The Wigan MP Lisa Nandy may not win the Labour leadership, but she will be a big player in the decade long attempt to make the party a credible candidate for government.

Based on what I saw at the Manchester hustings this week, if the contest was just based on the quality of the candidates and their policies, Nandy would win. However, we can’t ignore the strategic battle that is going on.

It mirrors exactly the Democrats dilemma in America. Do you want ideological purity, or do you want to win? Tories and Republicans find this an easy question to answer. Their desire to govern is much more important than individual policies. Labour has always had a lively debate between pragmatists and activists. It has sharpened in recent years as Tony Blair, who delivered three election victories, is denounced as a traitor whilst Jeremy Corbyn is given ten out of then for two defeats. The Labour Party is 120 years old this year and has been in power for a pitiful 33 years.

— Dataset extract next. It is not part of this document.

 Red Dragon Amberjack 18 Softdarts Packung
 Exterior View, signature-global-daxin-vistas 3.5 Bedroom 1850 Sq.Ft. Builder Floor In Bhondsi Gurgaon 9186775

Despite this the ideological battel rages on and is likely to damage Nandy’s chance of the top prize. Purists see Salford’s Rebecca Long-Bailey as the woman to cherish the Corbyn legacy. The argument is that the radical policies that were so popular in the 2017 election were only thwarted by Brexit in 2019. The fundamental flaw in this argument is that, although Mrs May was thwarted in her attempt to increase the Tories majority, she still won and 2019 wasn’t just about Brexit. It was also about Corbyn and an incredible list of manifesto promises.

If Long-Bailey wins, Labour members will have decided to be an irrelevant pressure group that can never win power, so who out of Starmer and Nandy is best to stop her? The indications are that most support is going to Starmer as people fear splitting the anti Long-Bailey vote if they plump for Nandy.

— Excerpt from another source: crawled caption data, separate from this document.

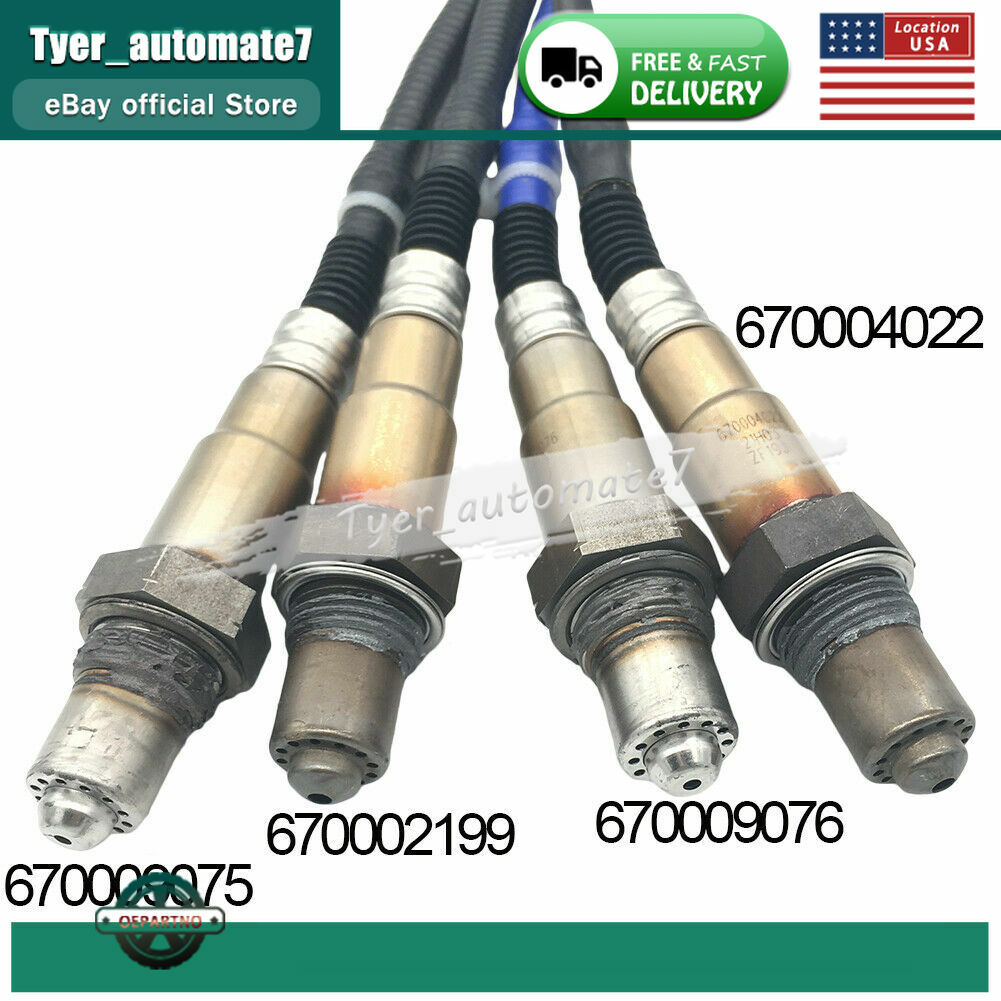 4Pcs Oxygen O2 Sensor For Maserati Ghibli 2014-2020 Levante 2017-2020 3.0L Turbo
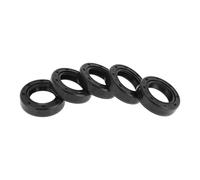 Hihaha Universal Oil Seal TC Double Lip W Steel Spring Seal Ring Rotary Shaft Seal 16x26x7mm High Pressure NBR Rubber Black 5 Pcs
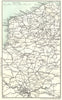 PAS-DE-CALAIS. & Boulogne to Paris 1913 old antique vintage map plan chart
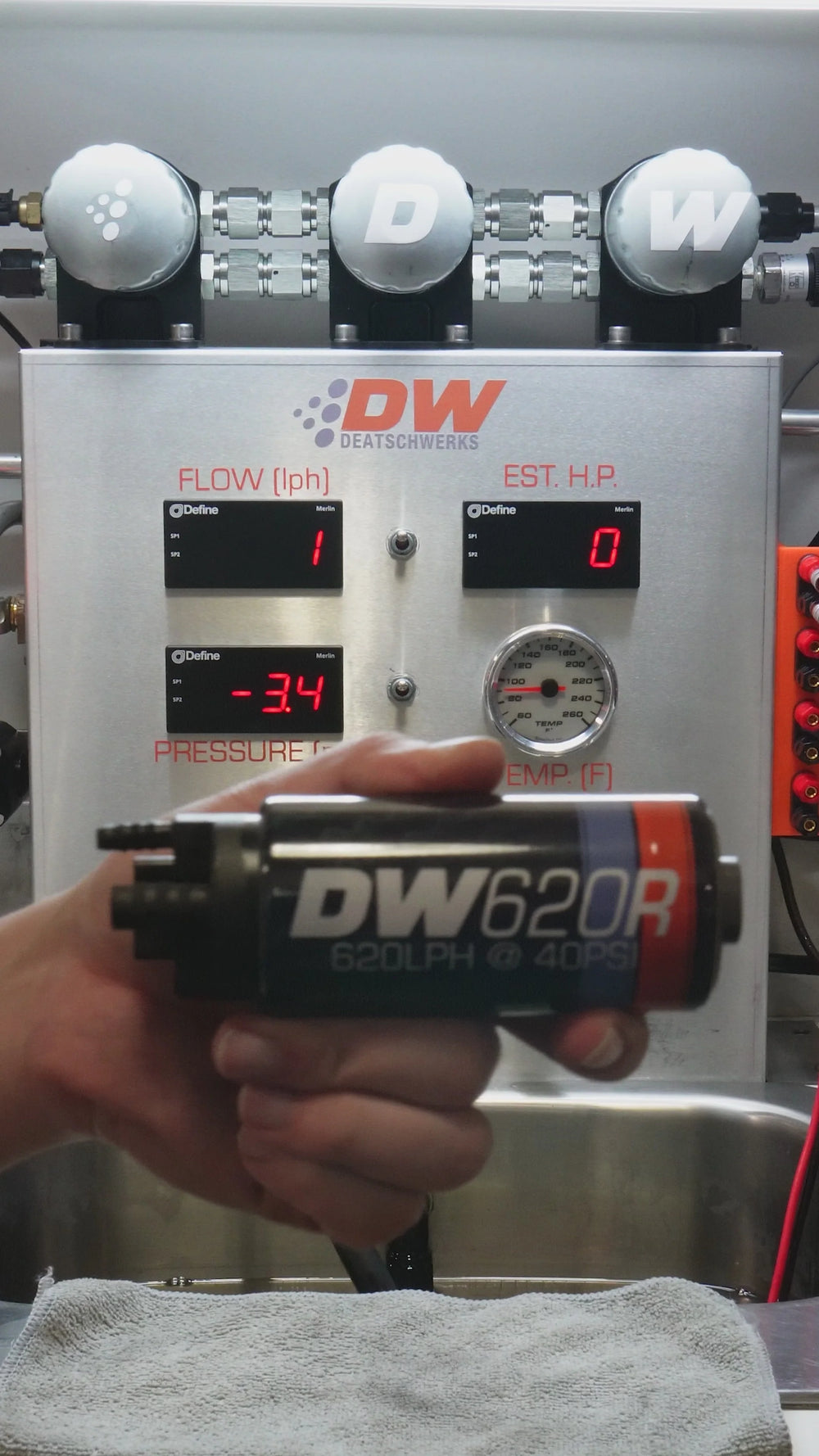DeatschWerks DW620R Series 620lph In-Tank Fuel Pump w/ Universal Install Kit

Things may change especially if the Wigan MP continues to perform as she did in Manchester. Nandy is prepared to tell the party some home truths whereas Starmer is often equivocal. I wonder whether he will be strong enough to expel the anti-Semites and Trots.

An example of Nandy’s clarity came when the candidates were asked about the idea that every Labour MP should face an open selection before every General Election. Long-Bailey favours it whereas Nandy said no. She added that if Jo Platt had not been distracted by a reselection battle, she might have saved the Leigh seat from going Tory.

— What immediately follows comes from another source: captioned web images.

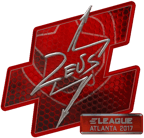 Sticker | Zeus (Foil) | Atlanta 2017 image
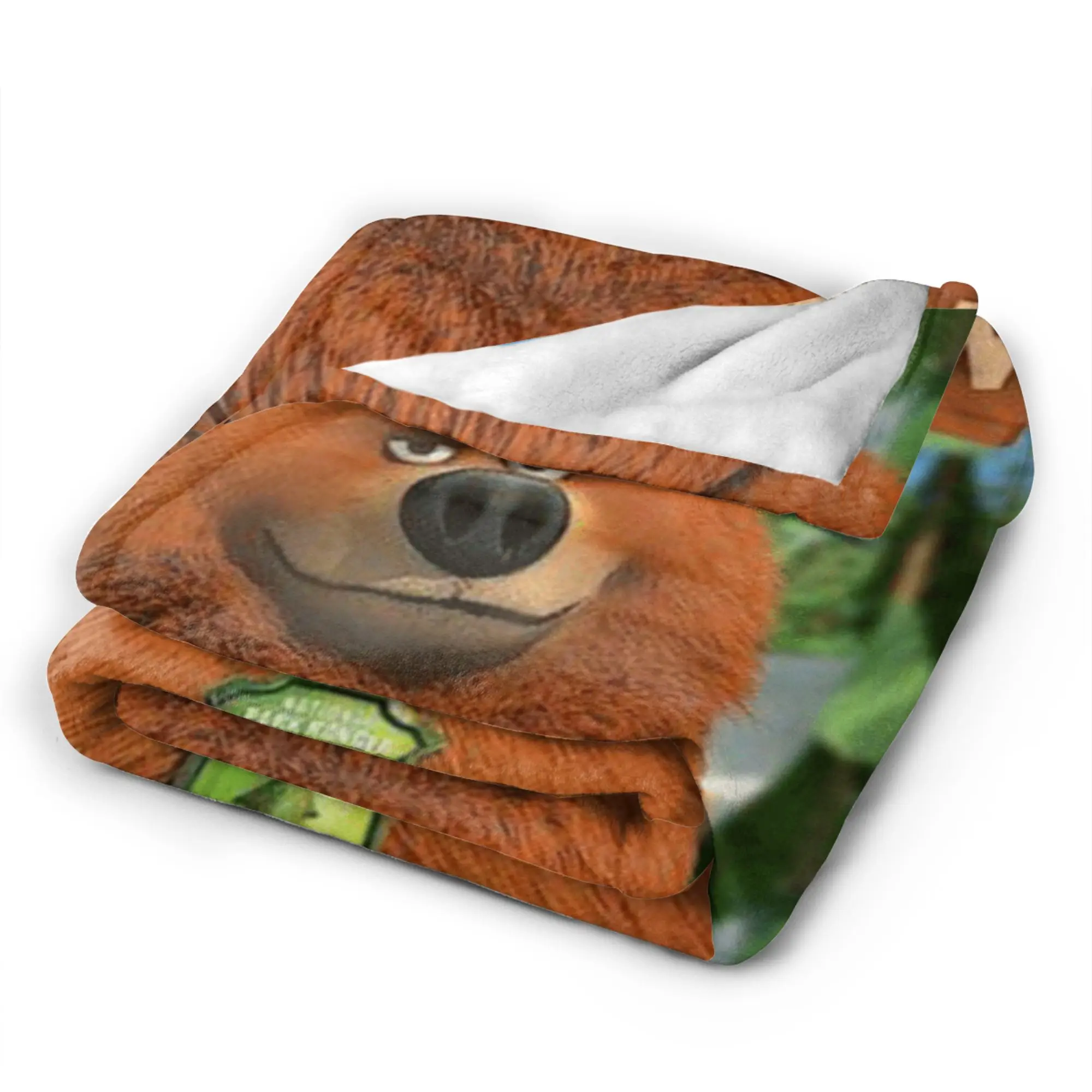 Grizzy and the Lemmings Warm Soft Blanket  Boy Girl Plush Throw Blanket Comfortable Couch Chair Flannel Bedspread Sofa Bed Cover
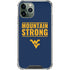 West Virginia University Yellow iPhone 12 Pro Clear Case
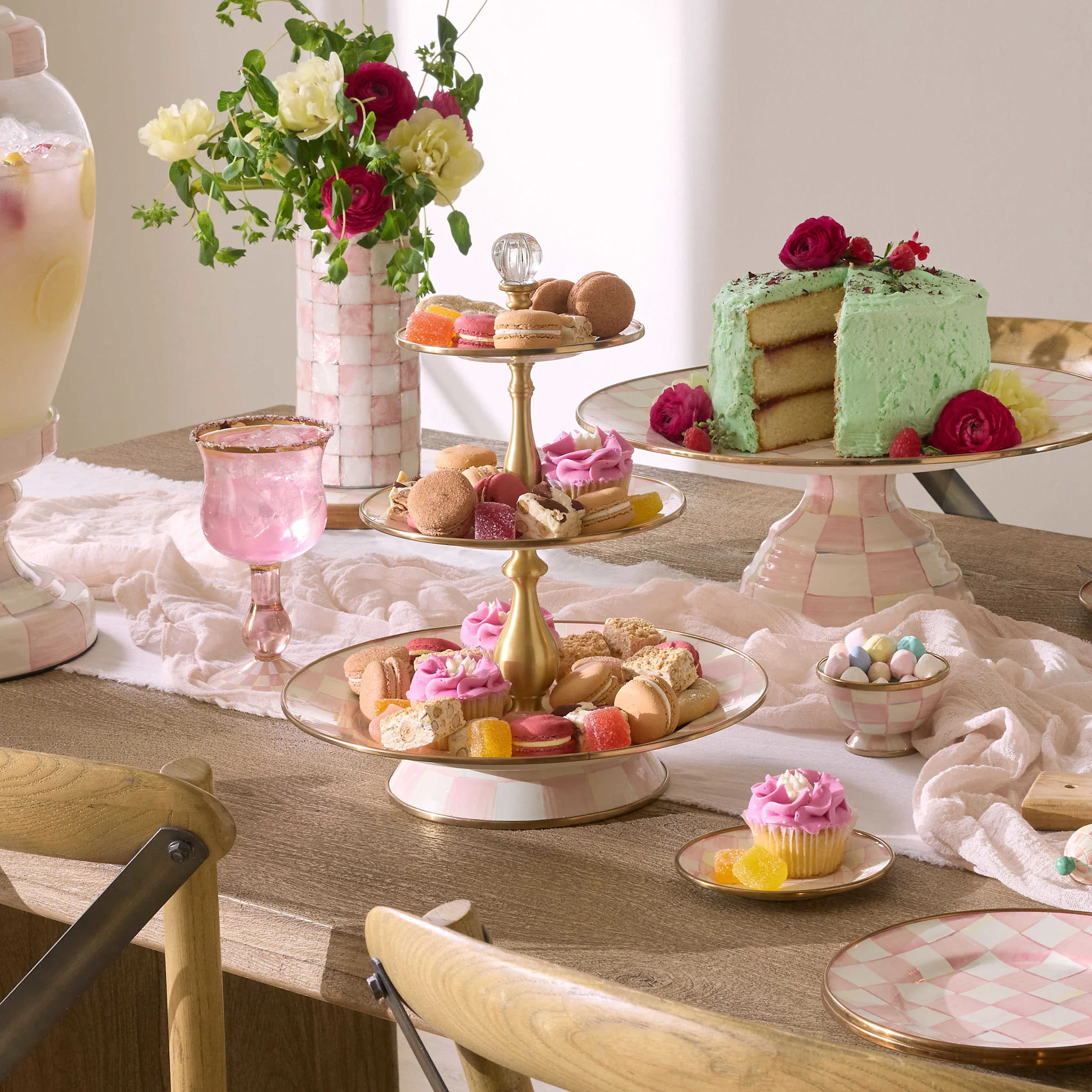 Rosy Check Three Tier Sweet Stand - Image 6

I asked the candidates about devolution. In my opinion Labour have lacked a clear devolution plan since John Prescott’s regional structure. It is part of the reason areas of the North have deserted them. We now have the mess of elected mayors, Local Enterprise Partnerships, two tier and one tier local government.

All the candidates agreed it was a mess, but their answers were instructive. Keir Starmer talked vaguely about a bottom up approach. Long Bailey wanted to abolish the House of Lords, but to be fair did speak of regional government offices. However, Nandy had the most thought through answer. She supported elected mayors but more needed to be done about accountability to outlying town s like Wigan. She would abolish LEP’s and give the powers to councils and felt the model of the RDA’s in economic development had merit in the future.

Labour members are now voting, and let’s hope there’s a late surge for Nandy. If not, she must have a senior place in the Shadow Cabinet.